These little bakes are super delicious, Moist and tender and full of flavour. I do recommend making them as they are super easy and the mixture can be stored ahead and kept in the fridge until you’re ready to bake.
You can vary the fillings and flavours very easily as I regularly do, to create a new bake. The only ingredient you need to include is a grated apple or pear as this gives the muffins their moist texture.
I like a teaspoon of ground ginger in these muffins but you could substitute cinnamon or another spice according to taste.
This recipe gives enough mixture to make 6 medium to large muffins. Double it for 12.
I made these muffins in a quirky Silverwood muffin tin, available pretty easily in the UK, but if you’re in Australia like me, you will need to go to Blackwood Lane in Melbourne to buy them. An ordinary muffin tin works just as well.
2 free-range eggs
140g raw sugar
100g apples, unpeeled and grated
75ml vegetable oil
150g plain flour
1 teaspoon baking powder
1 teaspoon ground ginger
¼ tsp salt
A handful of blackberries for the mixture plus extra for decoration
2 or 3 puréed blackberries with a squeeze of lime or lemon and enough icing sugar to make a glaze.
Pre-heat the oven to 160 degrees fan-forced 180 degrees non fan-forced.
Using an electric mixer and the whisk attachment, whisk the eggs until they are foamy. Then slowly pour in the sugar and whisk until the sugar has dissolved and the mixture has doubled in size.

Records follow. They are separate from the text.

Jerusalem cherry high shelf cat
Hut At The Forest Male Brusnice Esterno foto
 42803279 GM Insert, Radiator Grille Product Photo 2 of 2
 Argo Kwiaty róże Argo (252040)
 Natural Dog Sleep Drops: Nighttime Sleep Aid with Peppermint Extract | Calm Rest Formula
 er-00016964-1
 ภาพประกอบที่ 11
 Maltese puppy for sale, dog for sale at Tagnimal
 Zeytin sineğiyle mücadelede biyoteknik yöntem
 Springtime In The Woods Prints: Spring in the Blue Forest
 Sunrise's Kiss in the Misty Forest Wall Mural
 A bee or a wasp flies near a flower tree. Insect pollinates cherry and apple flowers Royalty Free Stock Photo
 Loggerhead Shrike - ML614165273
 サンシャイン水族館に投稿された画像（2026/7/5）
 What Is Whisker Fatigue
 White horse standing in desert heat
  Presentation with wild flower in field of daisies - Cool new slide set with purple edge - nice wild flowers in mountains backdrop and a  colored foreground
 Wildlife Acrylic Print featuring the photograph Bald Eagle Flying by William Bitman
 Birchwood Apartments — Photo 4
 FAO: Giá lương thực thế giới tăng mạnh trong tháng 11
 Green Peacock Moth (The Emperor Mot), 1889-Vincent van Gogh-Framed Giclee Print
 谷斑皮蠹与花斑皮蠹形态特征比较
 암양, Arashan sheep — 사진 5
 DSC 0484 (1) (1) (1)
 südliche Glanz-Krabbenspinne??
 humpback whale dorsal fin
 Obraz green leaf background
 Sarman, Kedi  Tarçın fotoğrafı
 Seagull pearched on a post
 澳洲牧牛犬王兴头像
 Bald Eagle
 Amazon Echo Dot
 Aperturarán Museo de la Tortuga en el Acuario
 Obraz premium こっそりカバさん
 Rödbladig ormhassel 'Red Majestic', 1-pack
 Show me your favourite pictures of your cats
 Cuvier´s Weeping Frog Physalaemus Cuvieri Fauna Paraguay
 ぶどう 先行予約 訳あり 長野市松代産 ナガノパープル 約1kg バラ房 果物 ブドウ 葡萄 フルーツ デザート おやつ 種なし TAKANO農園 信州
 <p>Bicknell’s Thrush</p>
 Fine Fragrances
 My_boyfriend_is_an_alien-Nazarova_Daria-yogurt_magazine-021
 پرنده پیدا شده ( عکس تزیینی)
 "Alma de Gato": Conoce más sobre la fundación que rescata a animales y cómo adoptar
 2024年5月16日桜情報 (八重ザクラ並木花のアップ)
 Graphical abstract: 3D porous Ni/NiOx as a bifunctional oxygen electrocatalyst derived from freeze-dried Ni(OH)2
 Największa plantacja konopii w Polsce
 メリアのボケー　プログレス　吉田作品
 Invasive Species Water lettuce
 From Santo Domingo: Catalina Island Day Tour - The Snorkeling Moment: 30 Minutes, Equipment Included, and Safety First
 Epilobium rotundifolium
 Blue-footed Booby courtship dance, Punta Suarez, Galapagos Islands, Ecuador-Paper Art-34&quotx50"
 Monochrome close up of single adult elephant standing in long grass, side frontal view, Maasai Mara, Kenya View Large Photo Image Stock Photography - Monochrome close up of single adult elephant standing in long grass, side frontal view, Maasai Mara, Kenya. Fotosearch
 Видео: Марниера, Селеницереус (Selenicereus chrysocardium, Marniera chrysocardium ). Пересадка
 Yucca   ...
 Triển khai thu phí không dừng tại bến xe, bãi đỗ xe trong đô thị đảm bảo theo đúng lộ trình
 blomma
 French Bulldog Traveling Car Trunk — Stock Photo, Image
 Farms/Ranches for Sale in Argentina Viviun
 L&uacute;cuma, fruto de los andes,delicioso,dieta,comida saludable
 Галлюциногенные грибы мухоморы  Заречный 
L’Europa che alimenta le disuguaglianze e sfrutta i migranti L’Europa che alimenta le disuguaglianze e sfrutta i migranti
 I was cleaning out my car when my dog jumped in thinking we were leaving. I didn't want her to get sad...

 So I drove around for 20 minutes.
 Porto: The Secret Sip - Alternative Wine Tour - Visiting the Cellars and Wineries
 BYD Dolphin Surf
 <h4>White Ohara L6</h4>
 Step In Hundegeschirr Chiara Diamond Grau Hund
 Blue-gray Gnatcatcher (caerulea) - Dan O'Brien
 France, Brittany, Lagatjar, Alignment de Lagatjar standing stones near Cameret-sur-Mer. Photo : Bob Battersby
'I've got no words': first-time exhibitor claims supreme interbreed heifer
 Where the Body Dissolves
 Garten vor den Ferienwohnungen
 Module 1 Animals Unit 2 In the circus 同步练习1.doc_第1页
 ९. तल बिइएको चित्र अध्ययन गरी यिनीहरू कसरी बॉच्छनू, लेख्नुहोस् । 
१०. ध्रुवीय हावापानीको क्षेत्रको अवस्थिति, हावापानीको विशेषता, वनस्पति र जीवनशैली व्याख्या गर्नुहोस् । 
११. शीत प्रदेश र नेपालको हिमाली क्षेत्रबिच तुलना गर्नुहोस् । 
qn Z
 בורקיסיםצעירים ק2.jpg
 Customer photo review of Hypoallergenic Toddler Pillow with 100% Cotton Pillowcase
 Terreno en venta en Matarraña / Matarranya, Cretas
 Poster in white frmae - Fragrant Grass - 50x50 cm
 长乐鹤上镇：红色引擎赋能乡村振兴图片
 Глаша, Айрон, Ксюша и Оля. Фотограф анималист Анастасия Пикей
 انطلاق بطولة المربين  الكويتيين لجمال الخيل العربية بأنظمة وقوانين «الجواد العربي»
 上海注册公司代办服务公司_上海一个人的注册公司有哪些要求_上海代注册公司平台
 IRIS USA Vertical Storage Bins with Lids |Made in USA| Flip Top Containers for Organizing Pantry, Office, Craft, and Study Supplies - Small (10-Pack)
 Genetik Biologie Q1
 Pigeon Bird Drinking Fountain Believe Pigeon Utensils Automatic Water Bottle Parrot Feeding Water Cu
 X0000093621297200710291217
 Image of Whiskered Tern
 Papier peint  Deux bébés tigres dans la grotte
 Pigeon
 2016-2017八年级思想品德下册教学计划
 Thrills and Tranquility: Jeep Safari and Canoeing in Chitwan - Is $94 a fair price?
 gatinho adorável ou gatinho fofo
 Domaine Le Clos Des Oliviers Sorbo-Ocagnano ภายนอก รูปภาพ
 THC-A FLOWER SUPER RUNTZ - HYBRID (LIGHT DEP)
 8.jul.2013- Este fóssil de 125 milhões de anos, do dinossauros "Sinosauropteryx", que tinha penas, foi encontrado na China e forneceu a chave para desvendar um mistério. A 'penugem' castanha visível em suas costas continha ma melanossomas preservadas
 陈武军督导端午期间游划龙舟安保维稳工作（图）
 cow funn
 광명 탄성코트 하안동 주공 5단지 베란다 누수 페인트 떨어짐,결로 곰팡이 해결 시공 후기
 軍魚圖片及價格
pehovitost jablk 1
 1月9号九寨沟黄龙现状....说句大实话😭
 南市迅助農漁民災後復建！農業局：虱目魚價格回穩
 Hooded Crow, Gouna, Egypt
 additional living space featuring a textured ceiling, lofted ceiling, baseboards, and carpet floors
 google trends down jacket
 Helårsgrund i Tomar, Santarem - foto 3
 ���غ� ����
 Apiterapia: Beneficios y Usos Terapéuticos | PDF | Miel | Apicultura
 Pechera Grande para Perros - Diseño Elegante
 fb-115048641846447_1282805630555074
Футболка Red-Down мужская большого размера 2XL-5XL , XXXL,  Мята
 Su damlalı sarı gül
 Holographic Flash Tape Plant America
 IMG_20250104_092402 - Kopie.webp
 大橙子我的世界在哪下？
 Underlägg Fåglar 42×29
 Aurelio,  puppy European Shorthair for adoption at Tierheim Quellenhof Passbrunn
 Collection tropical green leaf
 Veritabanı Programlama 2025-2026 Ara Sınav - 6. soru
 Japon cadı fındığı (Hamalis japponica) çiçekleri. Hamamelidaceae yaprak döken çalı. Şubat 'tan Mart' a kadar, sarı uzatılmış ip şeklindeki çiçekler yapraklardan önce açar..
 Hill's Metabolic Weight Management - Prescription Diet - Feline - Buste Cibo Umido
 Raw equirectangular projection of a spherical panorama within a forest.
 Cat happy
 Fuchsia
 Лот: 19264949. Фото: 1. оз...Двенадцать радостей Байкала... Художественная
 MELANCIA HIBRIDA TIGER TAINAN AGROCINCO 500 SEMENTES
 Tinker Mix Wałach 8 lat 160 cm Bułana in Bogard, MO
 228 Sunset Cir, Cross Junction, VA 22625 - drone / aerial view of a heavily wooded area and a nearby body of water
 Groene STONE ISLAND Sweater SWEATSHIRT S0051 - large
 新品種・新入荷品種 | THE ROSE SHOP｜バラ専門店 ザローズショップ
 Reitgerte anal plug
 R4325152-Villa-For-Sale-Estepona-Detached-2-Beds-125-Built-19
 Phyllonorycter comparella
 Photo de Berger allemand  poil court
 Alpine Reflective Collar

Still using the whisk, mix in the grated apple and oil. With a metal spoon or spatula, gently fold in the flour, baking powder, ginger and salt.
The mixture can be baked straight away, but leaving it in the fridge for a few hours or even overnight gives the flour a chance to hydrate and the baking powder to activate, resulting in a more consistent muffin texture.
When ready to bake, grease your muffin tin. If you want to use a fancy tin, my advice is to butter and flour very carefully to avoid the muffins sticking. I actually butter the molds, stick in the fridge for 10 minutes, then butter again, and finally flour.
If using a traditional muffin tin, after greasing you can line the holes with large squares of baking paper to encase the muffins.
Spoon in the muffin mixture to fill the cavities 3/4 full.
At this point pop several blackberries into each muffin, mixing in carefully. The blackberries are put in last to stop them breaking up too much.
Place the muffins in the oven and cook for about 20 minutes, inserting a skewer into the muffins to check if they are cooked.
Remove the muffins from the oven and leave to cool in the tin for 5–10 minutes. Carefully remove from the tin, leaving the baking paper case on, if using, and place on a wire rack to cool completely.
To make the blackberry glaze, purée the blackberries and put through a sieve to remove the seeds. Mix with the lime or lemon juice and enough icing sugar to achieve the desired consistency.
Spoon the blackberry glaze over the muffins, allowing a little to drop down the sides.
Optional: a blackberry placed on top of each muffin for decoration.